In 1957, Cottesmore became home to aircraft of the V bombers, the UK's strategic nuclear strike force. [10] No. 10 Squadron RAF reformed at Cottesmore on 15 April 1958 flying the Handley Page Victor B.1 until disbandment on 1 March 1964. [11] The squadrons carried out Quick Reaction Alert duties using Handley Page Victor and later Avro Vulcan bombers until 1969.

"C" Flight, No. 232 Operational Conversion Unit RAF, was present from 1 November 1961 to 1 April 1962, at which point the Victor Training Flight stayed until 31 March 1964. [9]

After the V-Bombers left, the base was used by 90 Signals Group. Flight Checking, Trials and Evaluation Flight (FCTEF) used 98 Squadron (Canberras) and 115 Squadron (Vickers Varsity and Armstrong Whitworth Argosy) to provide ILS and radar trials and checking services to RAF airfields around the world. No. 231 Operational Conversion Unit moved into Cottesmore on 19 May 1969 equipped with Canberras, staying until 12 February 1976 when it moved to RAF Marham. [12] No. 360 Squadron, an electronic countermeasures squadron flying Canberras, moved to RAF Cottesmore in April 1969. 360 Squadron moved in September 1975 to RAF Wyton.

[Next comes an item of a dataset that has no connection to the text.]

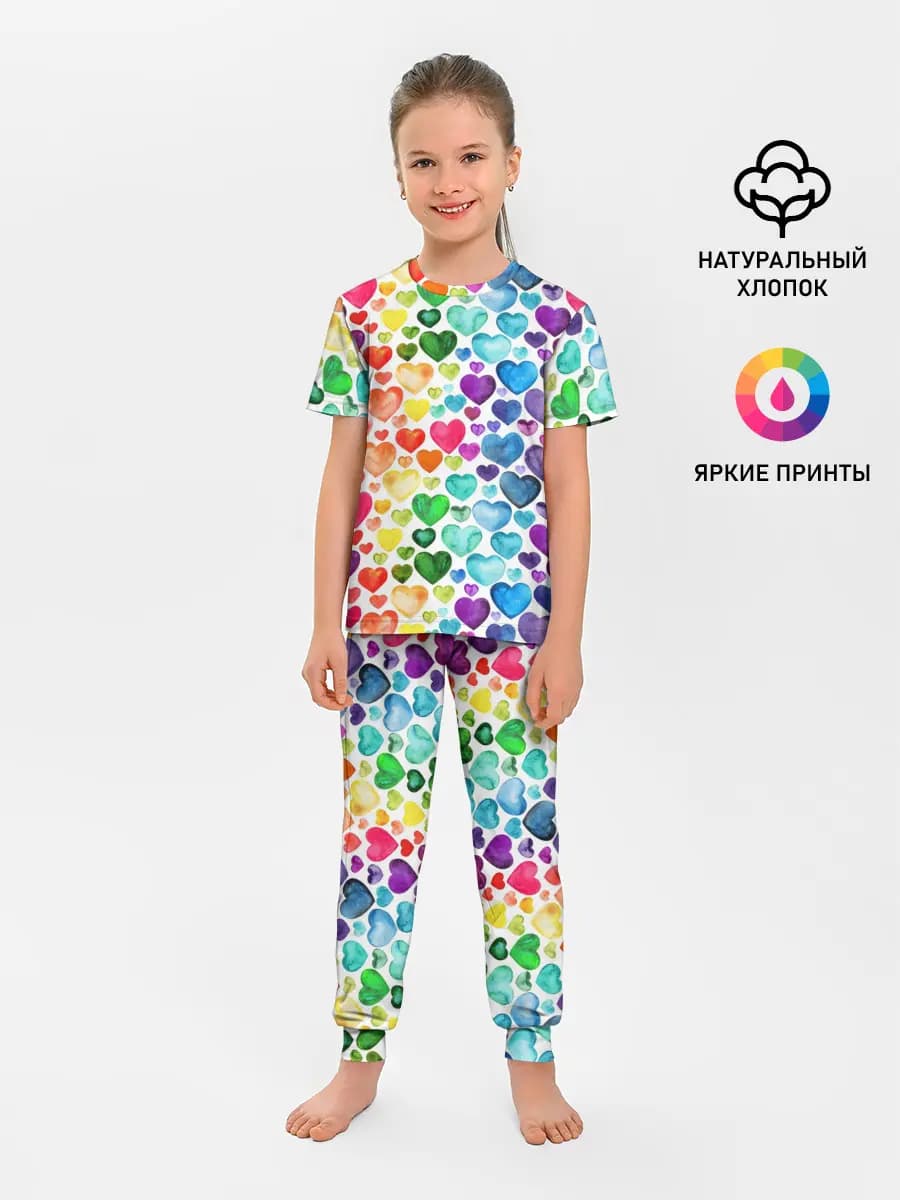 Детская пижама с брюками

In July 1980, Cottesmore became home to Tri-National Tornado Training Establishment (TTTE). Officially opened on 29 January 1981, the centre undertook training of new Panavia Tornado aircrews from the RAF, German Air Force, German Navy air arm and Italian Air Force.

The TTTE closed in 1999, and after a period of refurbishment was replaced by the Harriers of Nos 3 and 4 squadrons; these were later joined by 800 and 801 Naval Air Squadrons to form Joint Force Harrier (JFH).

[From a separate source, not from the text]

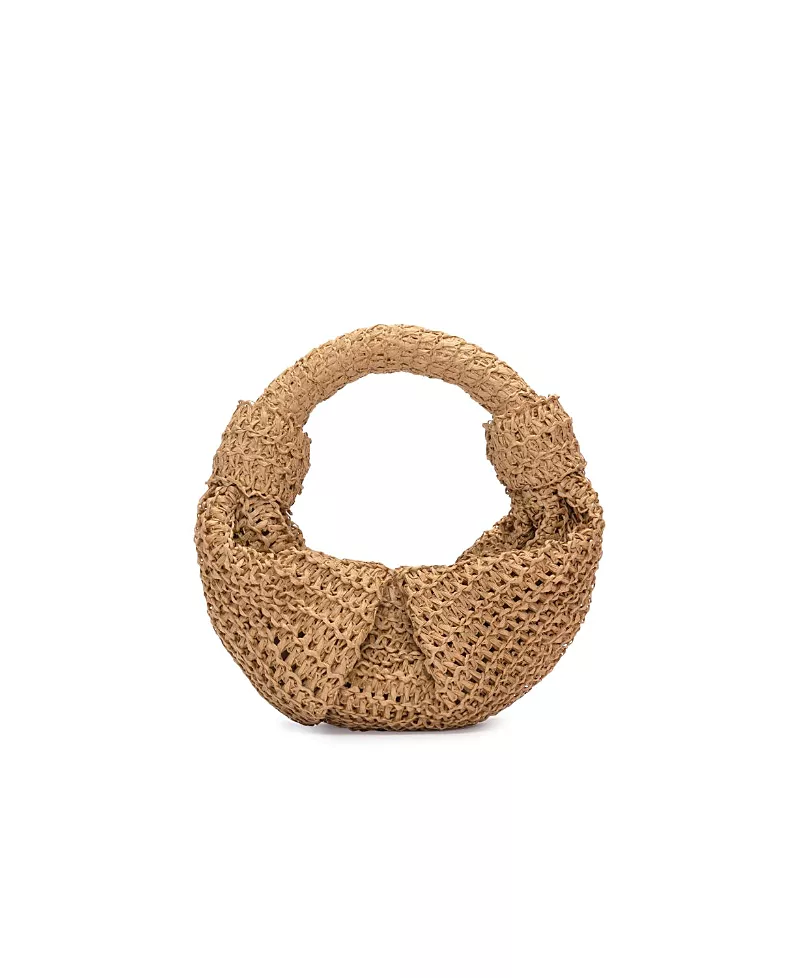 Simonmiller Raffia Lopsy Bag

With the introduction of the Eurofighter Typhoon into RAF service, No. 3 Sqn moved to RAF Coningsby and No 1 Sqn moved from RAF Wittering. No. 122 Expeditionary Air Wing was also established at the station (2006–2011).

The following units were here at some point: [13] [9]

Closure

In early December 2009, the then Defence Secretary Bob Ainsworth announced the station would close due to funding cut-backs, in part to help pay for additional helicopters for British operations in Afghanistan. [19]

In 2010, No. 4 Squadron RAF disbanded, with No. 20 Squadron RAF re-badging as No 4 (Reserve) Squadron.

The station became a satellite to RAF Wittering on 31 March 2011 with a civic parade and flypast to mark the disbandment of No 1 Sqn RAF, 800 NAS, 801 NAS and JFH. In July 2011, Defence Secretary Liam Fox announced that Cottesmore would house the Army's East of England Multi-Role Brigade. [20]

Station commanders

Kendrew Barracks

The Army officially took over the site in April 2012. It is now home to the 2nd Battalion Royal Anglian Regiment, who moved from Dhekelia Garrison in Cyprus. A second regiment, 7 Regiment Royal Logistic Corps, moved to the base in 2013.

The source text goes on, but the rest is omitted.